Tierra de Mujeres, el programa del Instituto Nacional de Colonización (INC) que busca facilitar el acceso de las mujeres a predios rurales, celebró este jueves su segunda edición con el lanzamiento de una nueva convocatoria.
Esta política pública, enmarcada en el Plan Nacional de Género en las Políticas Agropecuarias del Ministerio de Ganadería, Agricultura y Pesca, fue creada en 2021 con el objetivo de fomentar la autonomía económica de las mujeres en el campo, reconociendo la existencia de desigualdades de género en la ruralidad, por ejemplo, en el acceso a las tierras.
En la primera edición, el INC aprobó la propuesta de cinco llamados específicos para mujeres. Las beneficiarias lograron acceder a tierras en las diferentes modalidades de adjudicación: Unidades de Producción Asociativas, integradas por un mínimo de tres personas, y Unidades de Producción Familiar, que son individuales.
La actividad contó con la presencia del presidente del INC, Alejandro Henry, la directora del instituto, Karina Henderson, y cuatro de las beneficiarias de la edición inaugural, quienes compartieron sus experiencias como adjudicatarias y alentaron a otras mujeres rurales a “que se animen”.
Resultados de la evaluación y segunda convocatoria
En 2023, la Unidad de Seguimiento y Evaluación del INC propuso, en conjunto con el Colectivo de Estudios Interdisciplinarios de Mujeres Rurales (Ceimur) de la Universidad de la República, realizar una evaluación de la primera edición del programa y analizar su desarrollo “con foco en el diseño y la implementación”.
Verónica Camors, antropóloga y gerenta de la unidad, compartió algunos de los “hallazgos” de la evaluación y destacó el impacto positivo que tuvo el programa.

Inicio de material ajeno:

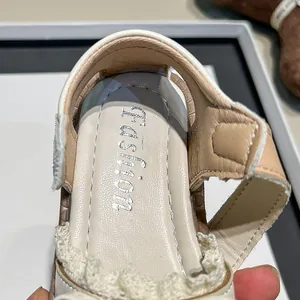 Close-up detail of cream girls summer sandals featuring a silver Fashion logo on the insole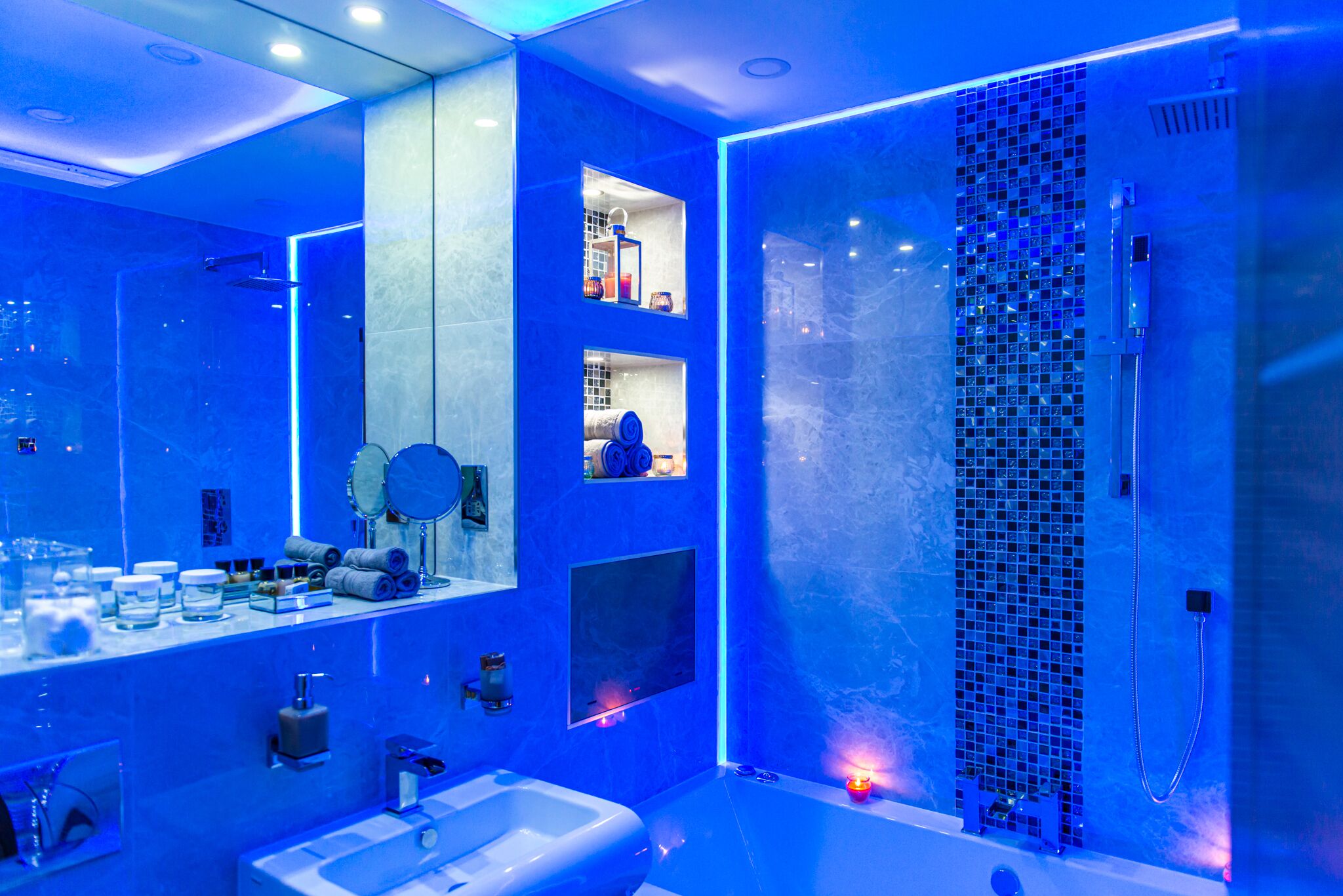 Un baño moderno con una decoración azul, un espejo grande, una bañera y una zona de ducha.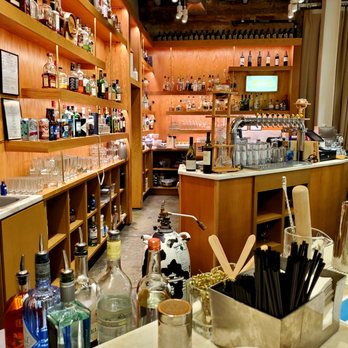 The Milkman's Bar - a counter with bottles and utensils - Cocktail Bars Near Me - Charlottesville, Virginia The Milkman's Bar - a counter with bottles and utensils - Cocktail Bars Near Me - Charlottesville, Virginia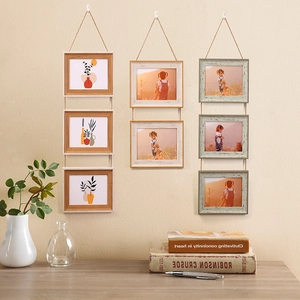 Creative rustic wood hanging picture frames with twine ropes on a beige wall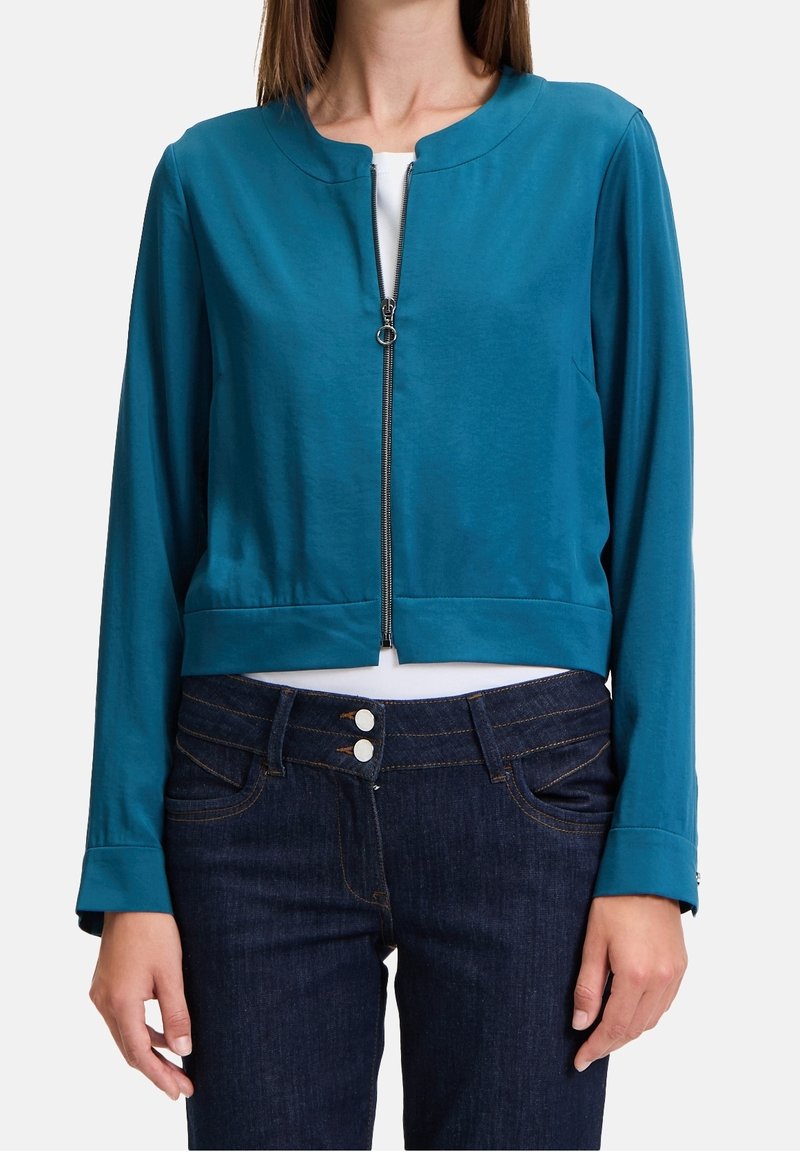 Teal cropped jacket in smooth fabric with a round collar and front zipper. Paired with dark denim jeans featuring double-button closure.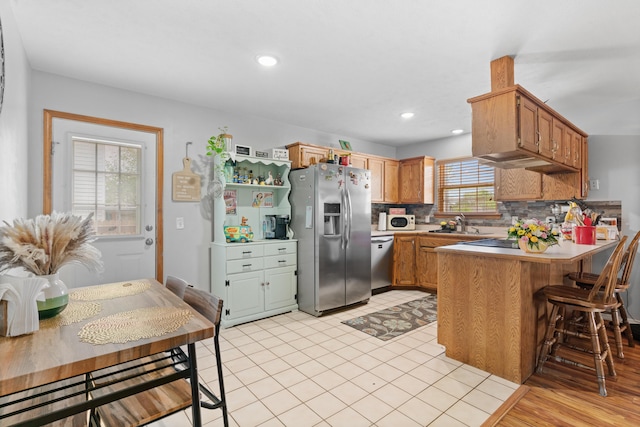 kitchen featuring a peninsula, a sink, backsplash, light countertops, and appliances with stainless steel finishes
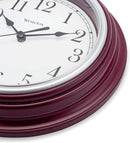 9-inch round burgundy wall clock with large analog display on a white background.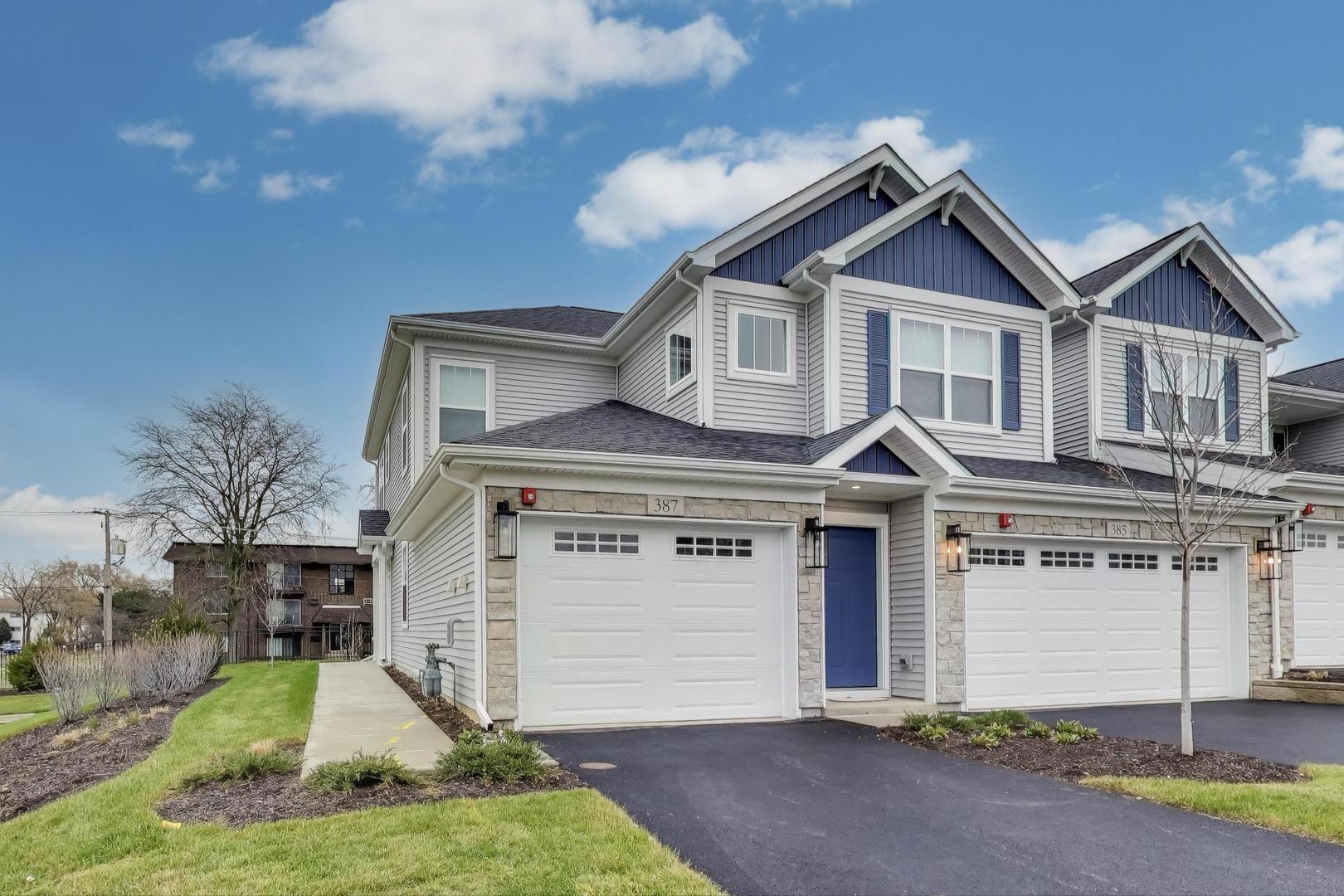 387 Masters Drive Addison, IL 60101 - Photo 1 of 26 a front view of a house with a yard and garage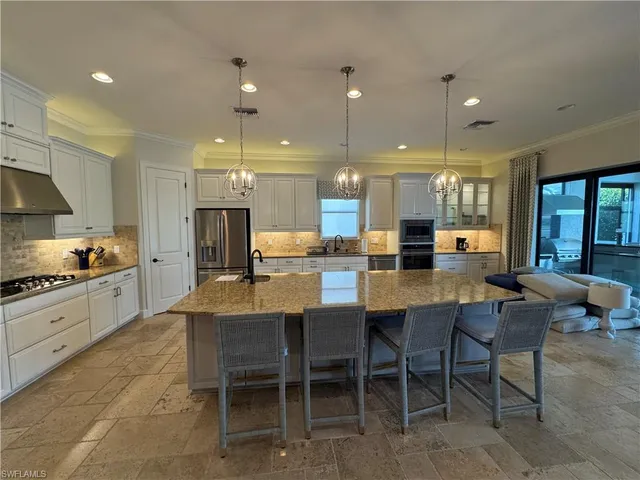 a large kitchen with a table and chairs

Los resultados reflejan desafíos aún pendientes, como la falta de herramientas de diagnóstico para detectar la potencial demanda en el territorio, debilidades en el proceso de planificación -particularmente carencias en la emisión de los apoyos financieros- y ausencia de metodologías de seguimiento específicas.
En tanto, valoró que el programa “evidencia un avance histórico para la equidad en el campo uruguayo”. Con respecto a la segunda convocatoria, la antropóloga aclaró que mantiene el mismo enfoque que la anterior: apoyar a mujeres rurales en el acceso a la tierra, tanto en unidades de producción familiar como asociativas.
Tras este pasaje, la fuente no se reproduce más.